Problem to work on: Nothing but the pictures should go missing; return all the entries below exactly.
....
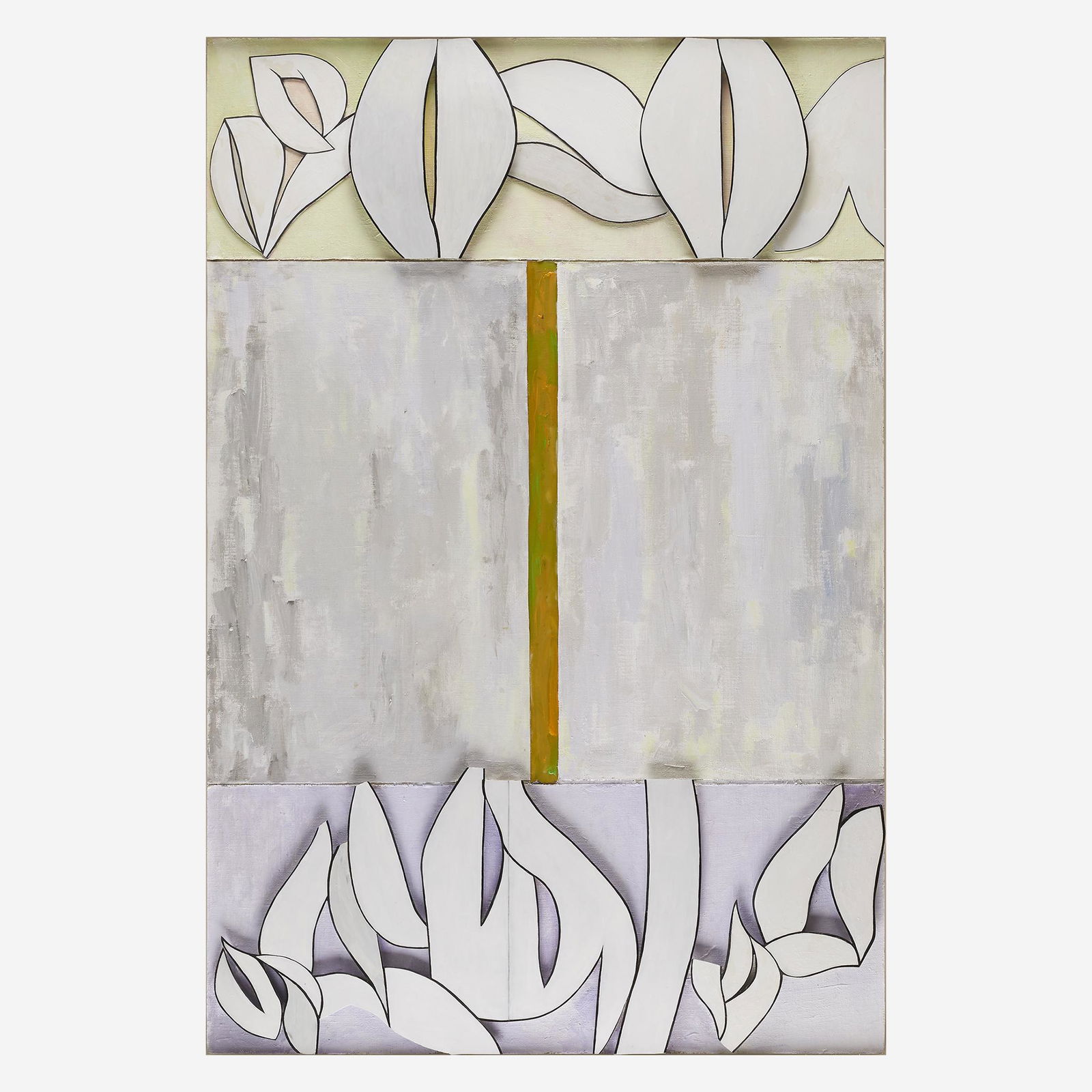 Judith Rothschild (American, 1921-1993), , Neruda VI: Judith Rothschild (American, 1921-1993)Neruda VISigned and titled verso, aluminum, acrylic, collage and oil on canvas over fiberglass panel.Executed in 1990.60 x 40 x 5/8 in. (152.4 x 101.6 x 1.6cm)PR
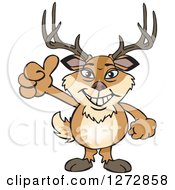Poster, Art Print Of Happy Buck Deer Giving A Thumb Up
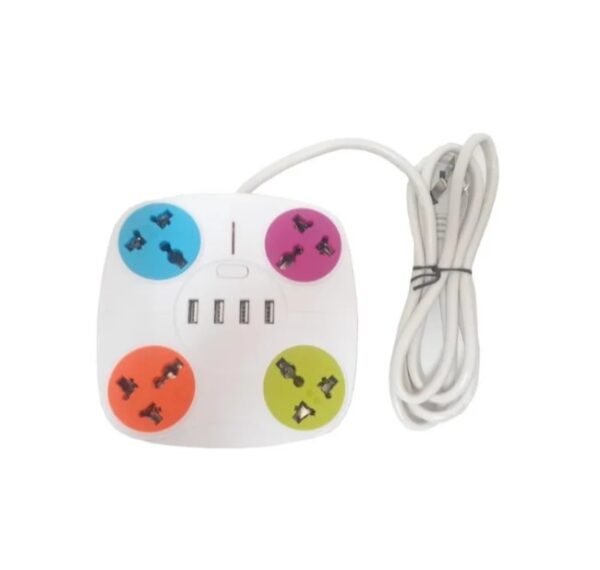 Zapatilla Toma Corriente Alargue Con 4 Puertos Usb - Imagen 4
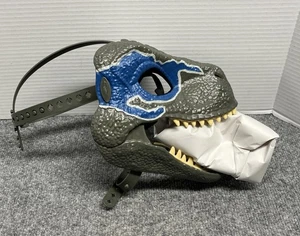 Jurassic World Park Velociraptor Dinosaur Dino 2018 Mask Jaw Mattel - Picture 1 of 5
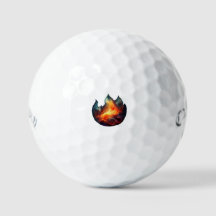 Callaway Supersoft Golf Bollar - Flames Artwork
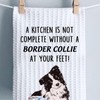 Border Collie Towel - Lover Gift - Collie Kitchen Towel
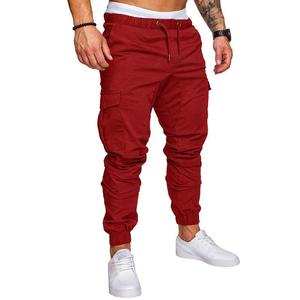 Pantalons de survêtement pour hommes, mode, taille plus, jogging, personnalisés, empilés, dix couleurs, pantalons décontractés pour hommes, coton biologique, pantalons pour hommes - Product Image 6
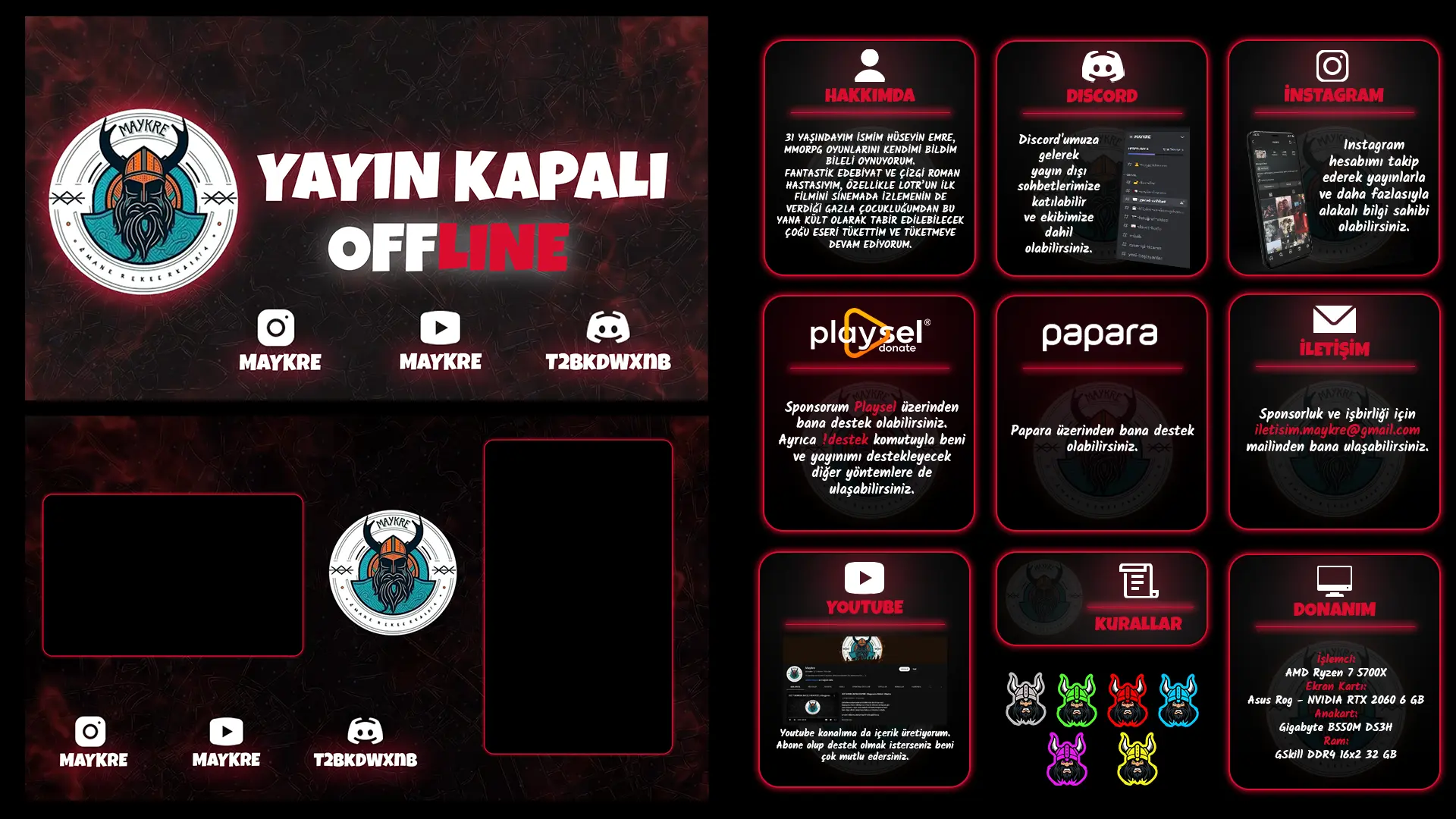 Maykre Twitch Tasarımı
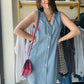 Light Denim Braided Dress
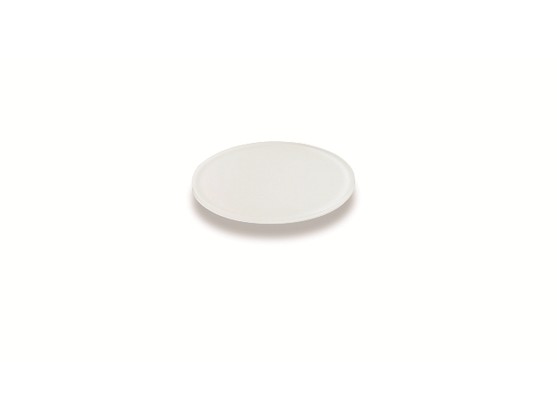 PLATEAU ROND D19.5X1CM BLC  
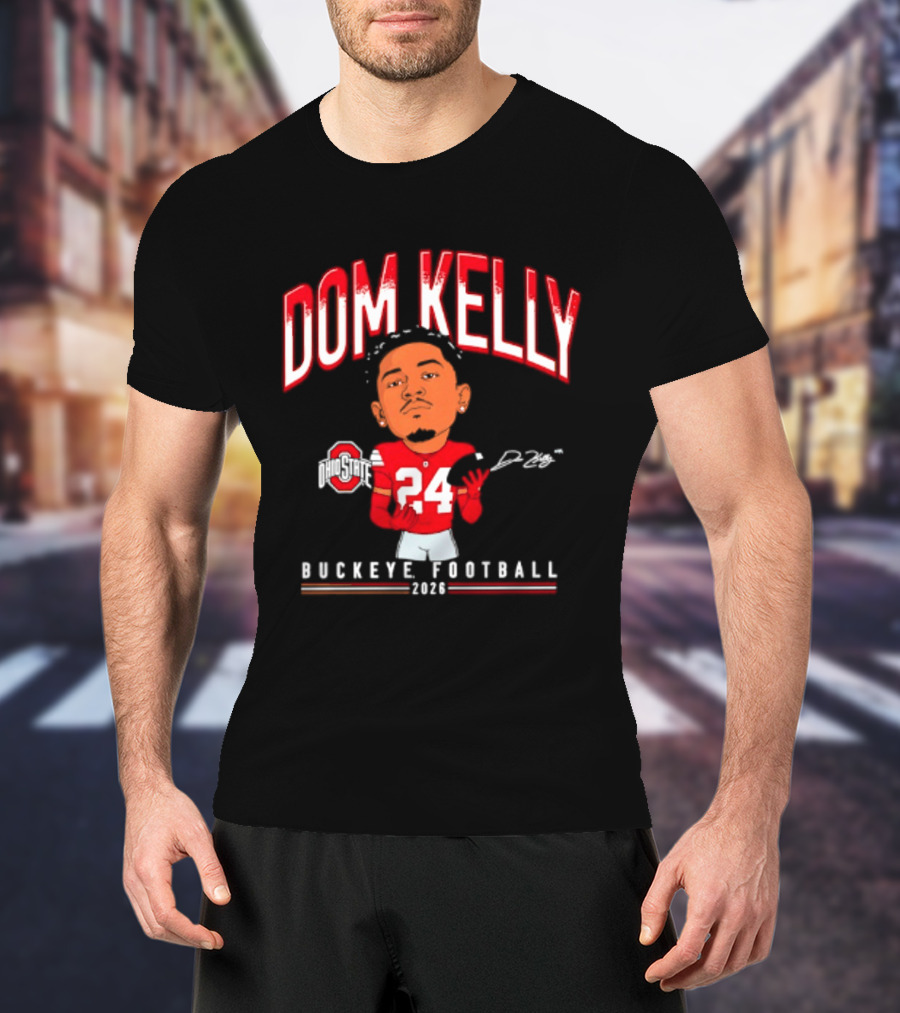 Dom Kelly Ohio State Buckeye Football Caricature 2026 T-Shirt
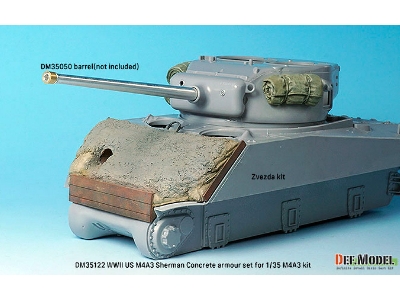Wwii Us M4a2/A3 Sherman Concrete 47&#186; Front Armour (For 1/35 M4a2/A3 Kit) - zdjęcie 9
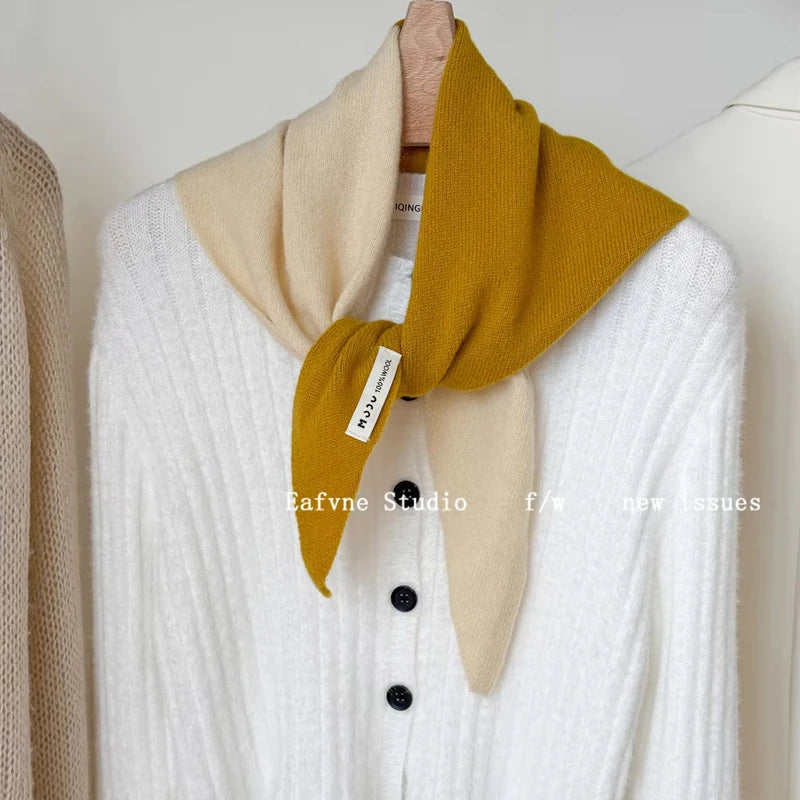 Ulvly Wool Triangle Scarf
....
Answer area:
 Judith Rothschild (American, 1921-1993), , Neruda VI: Judith Rothschild (American, 1921-1993)Neruda VISigned and titled verso, aluminum, acrylic, collage and oil on canvas over fiberglass panel.Executed in 1990.60 x 40 x 5/8 in. (152.4 x 101.6 x 1.6cm)PR
Poster, Art Print Of Happy Buck Deer Giving A Thumb Up
 Zapatilla Toma Corriente Alargue Con 4 Puertos Usb - Imagen 4
 Jurassic World Park Velociraptor Dinosaur Dino 2018 Mask Jaw Mattel - Picture 1 of 5
 Callaway Supersoft Golf Bollar - Flames Artwork
 Border Collie Towel - Lover Gift - Collie Kitchen Towel
 Pantalons de survêtement pour hommes, mode, taille plus, jogging, personnalisés, empilés, dix couleurs, pantalons décontractés pour hommes, coton biologique, pantalons pour hommes - Product Image 6
 Maykre Twitch Tasarımı
 Light Denim Braided Dress
 PLATEAU ROND D19.5X1CM BLC  
 Dom Kelly Ohio State Buckeye Football Caricature 2026 T-Shirt
Wwii Us M4a2/A3 Sherman Concrete 47&#186; Front Armour (For 1/35 M4a2/A3 Kit) - zdjęcie 9
 Ulvly Wool Triangle Scarf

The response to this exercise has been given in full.